本発明は、中空糸膜、及び中空糸膜の製造方法に関する。
中空糸膜を用いた分離技術は、安全性が高く、高品質であり、省エネルギかつ低炭素なプロセスであること等から、様々な分野で利用されている。具体的には、浄水処理、飲料水製造、工業用水製造及び廃水処理等の水処理分野、食品工業分野、及び医薬品製造分野等で、中空糸膜を用いた膜ろ過法等の分離技術が用いられている。この中でも、例えば、水処理分野での利用が、中空糸膜を用いた分離技術を用いることで良好な水質の処理水を比較的低費用で得られることから注目されている。
また、このような中空糸膜としては、例えば、特許文献1に記載の複合多孔質膜が挙げられる。特許文献1には、第1重合体から形成され約0.01〜10μmの平均孔寸法を有し、中空繊維形状を有する多孔質膜基体と、架橋剤の不存在下に前記基体上で遊離ラジカル重合開始剤により架橋して不溶化される溶媒中の第2重合体組成物による前記基体の全表面の被覆とよりなり、前記多孔質基体と実質的に同一の細孔構造を有する複合多孔質膜が記載されている。
一方で、水処理分野での利用の場合、分離技術によって得られる水自体が安価であるために、用いる中空糸膜には、より短時間でより大量の水をろ過できることが求められる。
また、中空糸膜を用いた膜ろ過法は、ろ過時間の増加とともに、中空糸膜の表面や内部に堆積された濁質成分であるファウラントの量が増加する。この中空糸膜に堆積したファウラントが、ろ過抵抗になり、ろ過効率が低下する現象であるファウリングの発生の原因となる。このため、中空糸膜を用いて、長期間にわたって、被処理液をろ過する際には、中空糸膜を逆流洗浄、いわゆる逆洗することによって、中空糸膜に堆積したファウラントを定期的に除去することが考えられる。
このようなことから、分離技術に用いられる中空糸膜は、透過性能や分離特性等の向上が求められるだけではなく、長期間にわたって、優れた透過性能を維持できることが求められる。
特表平9−512857号公報
本発明は、分離特性に優れるだけではなく、長期間にわたって、優れた透過性能を維持できる中空糸膜及びその製造方法を提供することを目的とする。
本発明の一態様に係る中空糸膜は、中空糸膜状の基材と親水性樹脂の架橋体とを含み、湿潤状態での膜間差圧0.1MPaにおける純水の透過速度が、乾燥状態での膜間差圧0.1MPaにおける純水の透過速度に対して、0.5〜0.99倍であることを特徴とする。
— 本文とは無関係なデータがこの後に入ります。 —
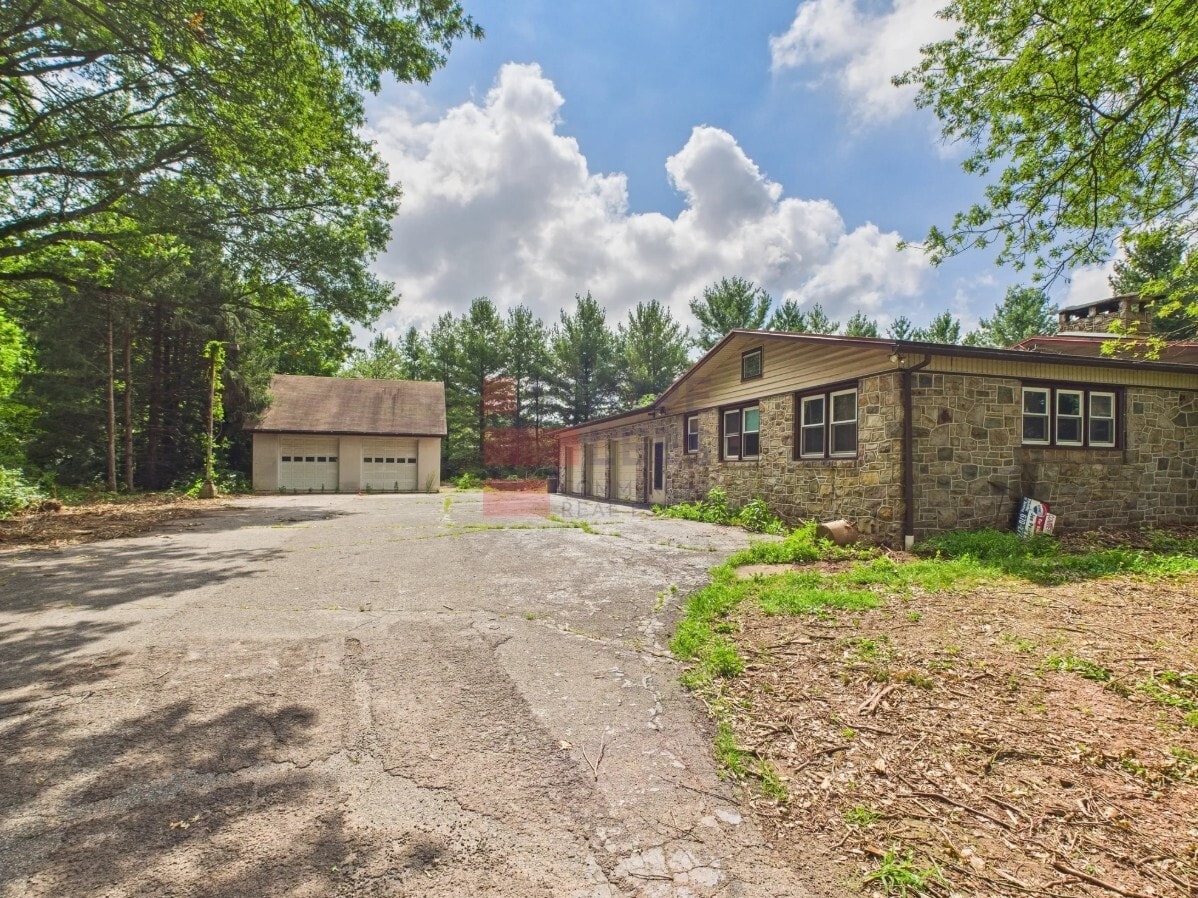 1388 S Hanover St, Pottstown, PA for lease Building Photo- Image 1 of 4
上記並びにその他の本発明の目的、特徴及び利点は、以下の詳細な記載から明らかになるだろう。
図1は、本発明の実施形態に係る中空糸膜の部分斜視図である。 図2は、本発明の実施形態に係る中空糸膜を備えた膜ろ過装置の一例を示す概略図である。 図3は、実施例1における架橋前の中空糸膜の赤外吸収スペクトルを示す。 図4は、実施例1における架橋後の中空糸膜の赤外吸収スペクトルを示す。 図5は、比較例1における架橋後の中空糸膜の赤外吸収スペクトルを示す。
本発明者は、長期間にわたって、優れた透過性能を維持するために、ファウリングを抑制することを検討した。
ファウリングを抑制するためには、まず、中空糸膜を親水化させることが有効であると考えた。浄水処理等の水処理において、中空糸膜に堆積するファウラントは、植物等が微生物によって分解された腐植物質であるフミン質等の天然有機物質(Natural Organic Matter:NOM)が主成分であることが知られている。NOMは、疎水性の比較的高い物質であるので、中空糸膜の親水性を高めることで、中空糸膜とファウラントとの相互作用を弱めることができると考えた。このため、中空糸膜を親水化させることで、ファウリングを抑制できると考えた。
また、ファウリングを抑制するためには、中空糸膜を親水化させるだけではなく、中空糸膜の分離特性を高めることも有効であると考えた。中空糸膜等の膜の目詰まりに関しては、Hermans−Bredeeのろ過法則等から、膜の細孔径と同程度以下の粒子が、膜の閉塞を起こしやすいことが知られている。このことから、中空糸膜の分離特性が高まれば、中空糸膜の細孔径が小さくなり、膜の細孔径と同程度以下の粒子が少なくなると考えた。すなわち、中空糸膜の分離特性が高まれば、膜の閉塞に寄与しやすい粒子が少なくなると考えた。よって、中空糸膜の分離特性を高めることで、ファウリングを抑制できると考えた。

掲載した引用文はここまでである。